Pictures aside, copy exactly each line from the one that holds "Меню Индюк Кг" through the last line of the records below.
*** Block opens ***
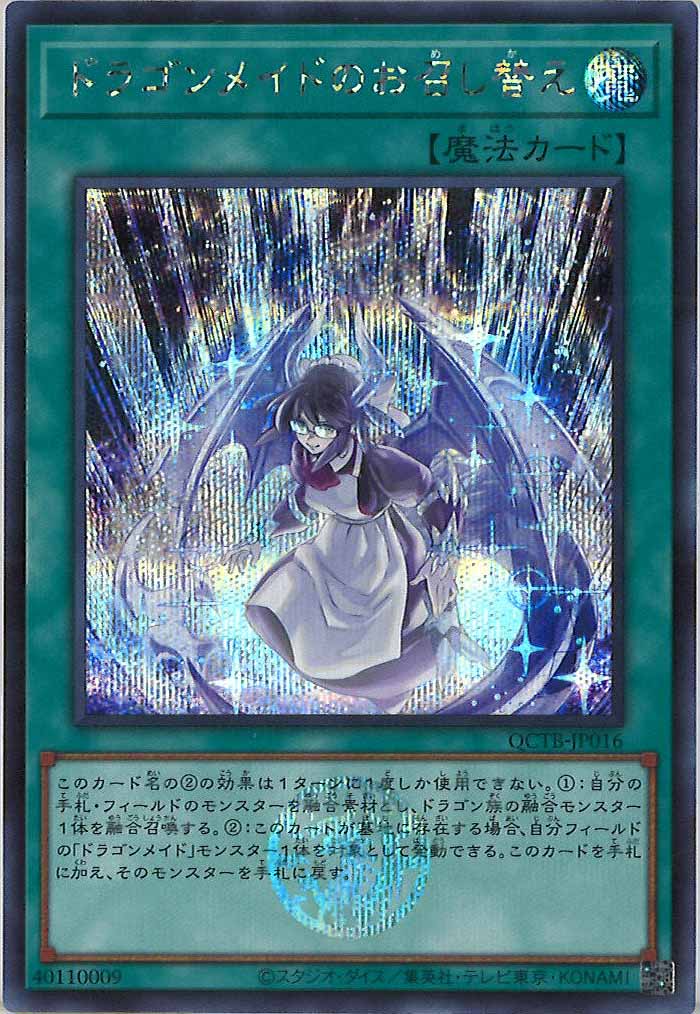 [QCTB]ドラゴンメイドのお召し替え(シークレットレア)QCTB-JP016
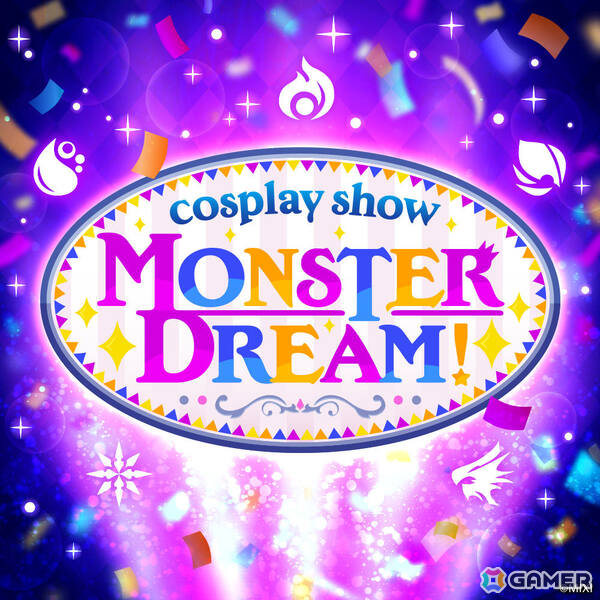 「DREAMDAZE III」ステージ・体験コンテンツなどの追加情報が公開！「モンソニ！」「モンスト」でもらえる来場特典もチェックの画像1
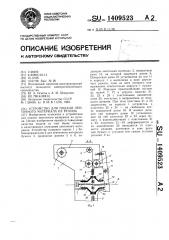Устройство для подачи ленточного материала из рулона (патент 1409523)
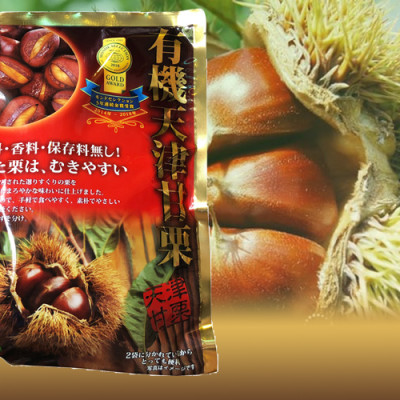 Hạt dẻ hấp tách vỏ cao cấp Gold Award 260g Nhật Bản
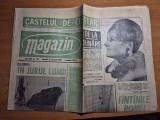 Magazin 13 ianuarie 1966-portile de fier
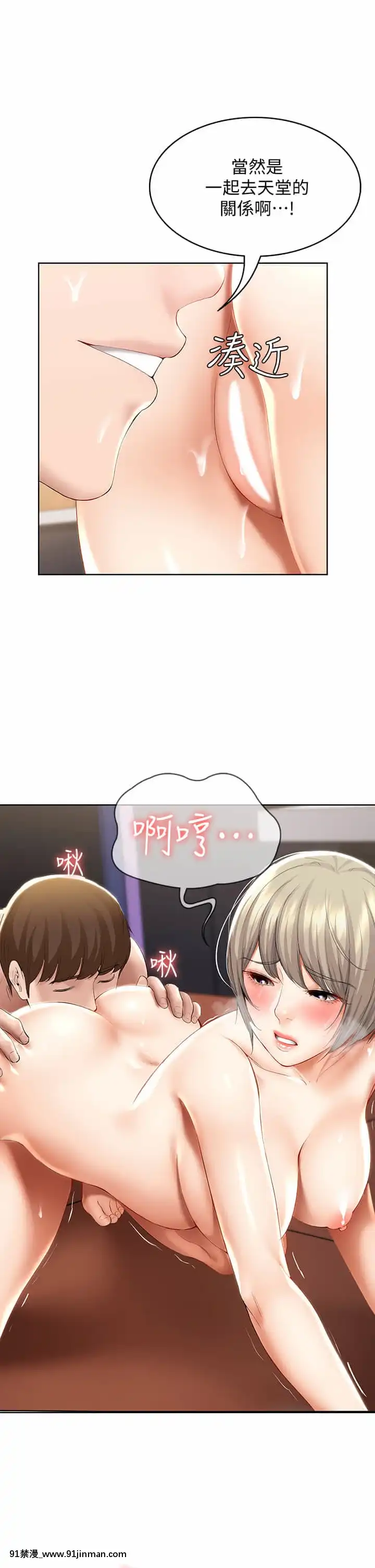 寄宿日記52-53話[ms-12-18h]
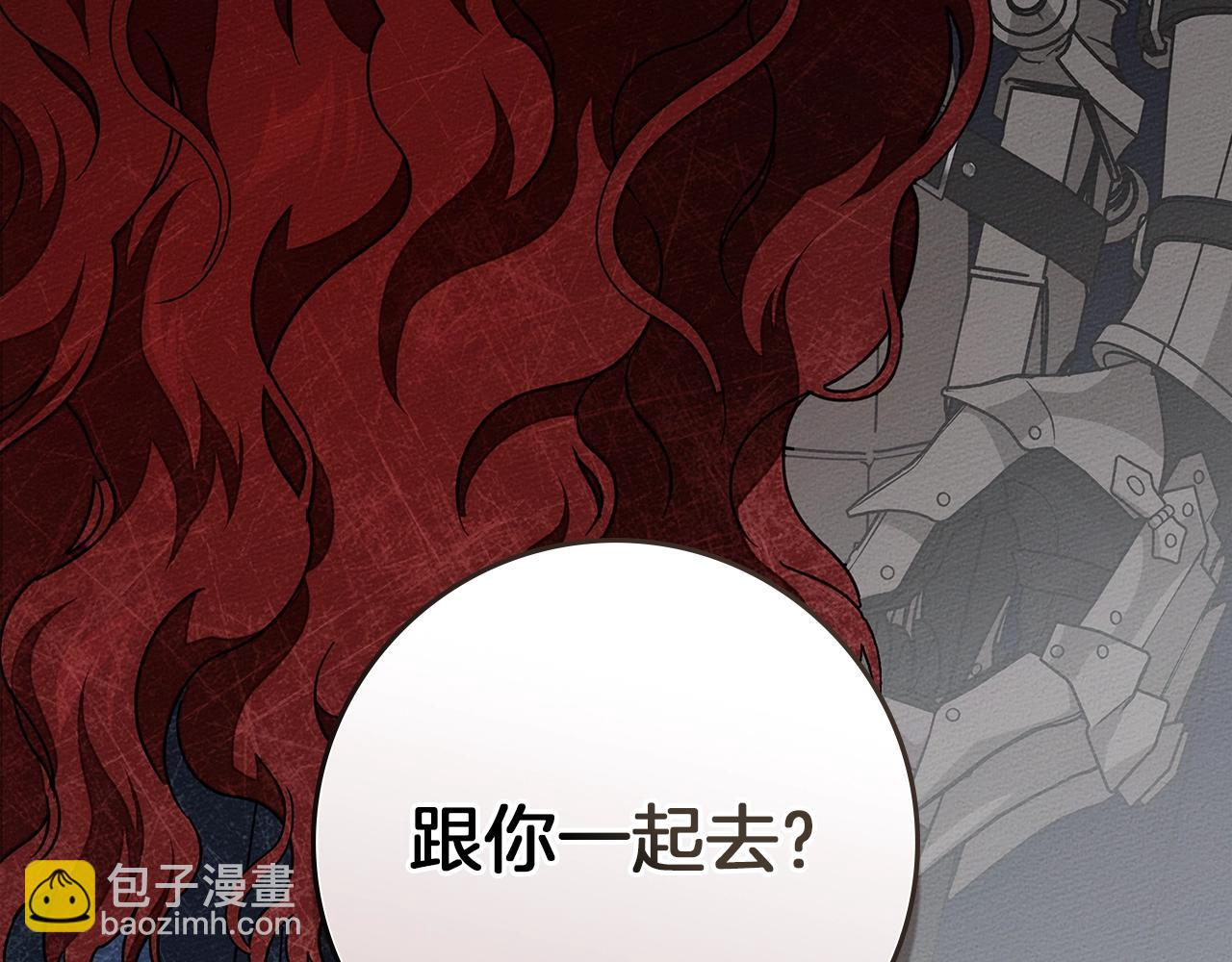 橡樹之下 - 第111話 故友(1/4) - 6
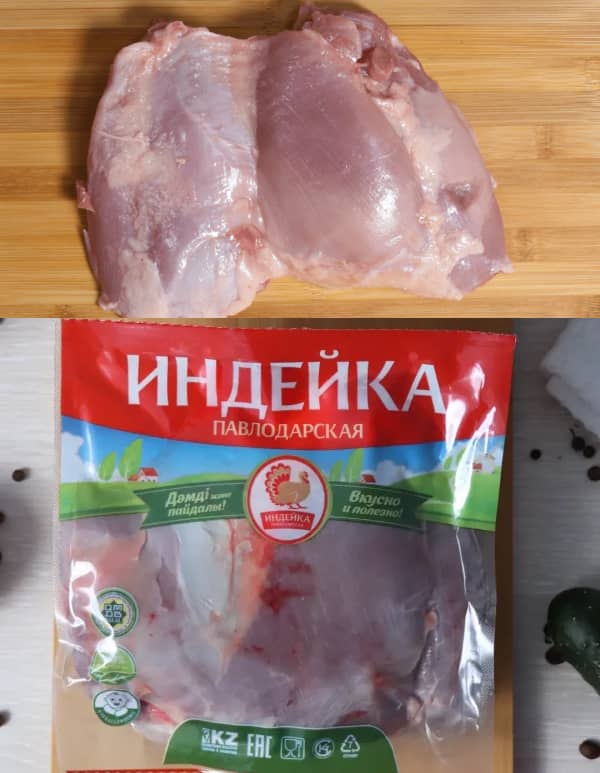 Меню Индюк Кг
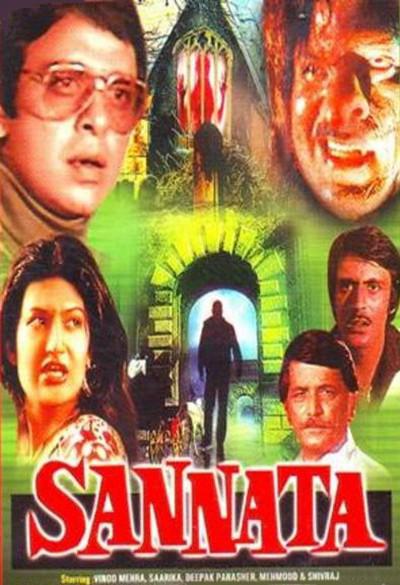 《桑纳塔》电影封面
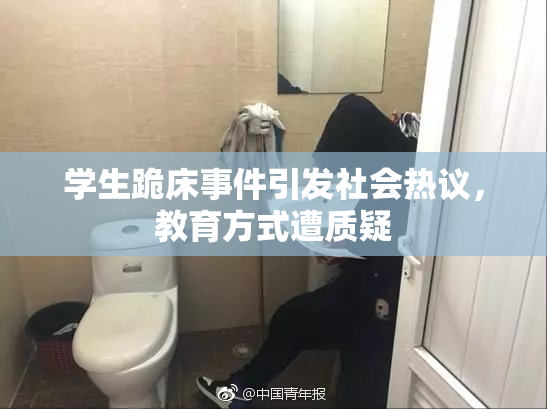 学生跪床事件引发社会热议，教育方式遭质疑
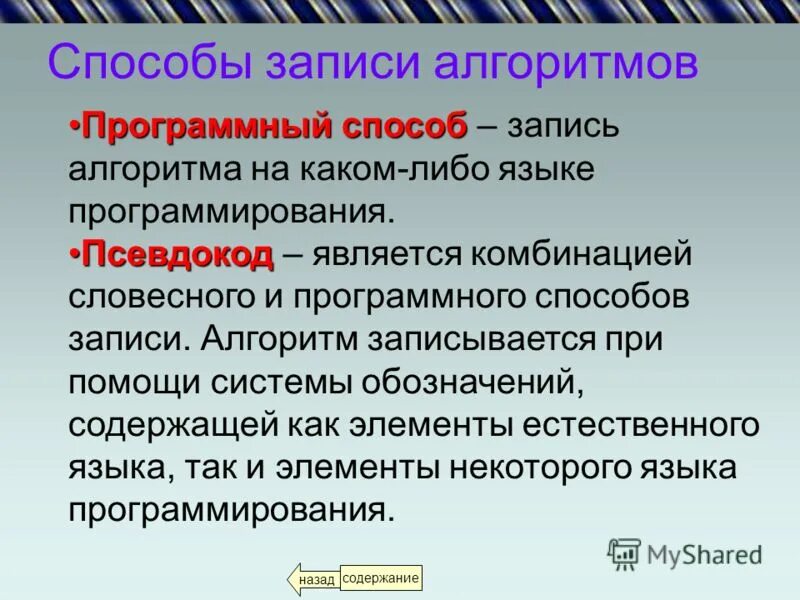 Формальные языки для записи алгоритмов. Формальные языки для записи алгоритмов
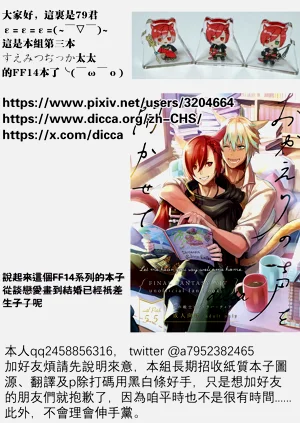 第31页图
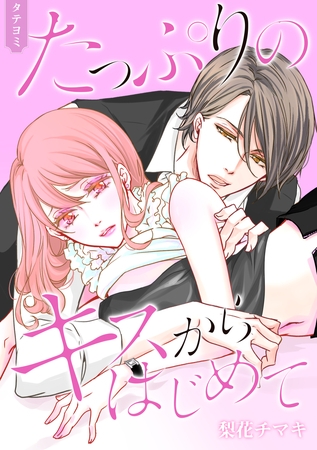 たっぷりのキスからはじめて【タテヨミ】 67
*** Block closes ***
### [SOLUTION FOR THIS PROBLEM]
 Меню Индюк Кг
 《桑纳塔》电影封面
 学生跪床事件引发社会热议，教育方式遭质疑
 Формальные языки для записи алгоритмов. Формальные языки для записи алгоритмов
 第31页图
 たっぷりのキスからはじめて【タテヨミ】 67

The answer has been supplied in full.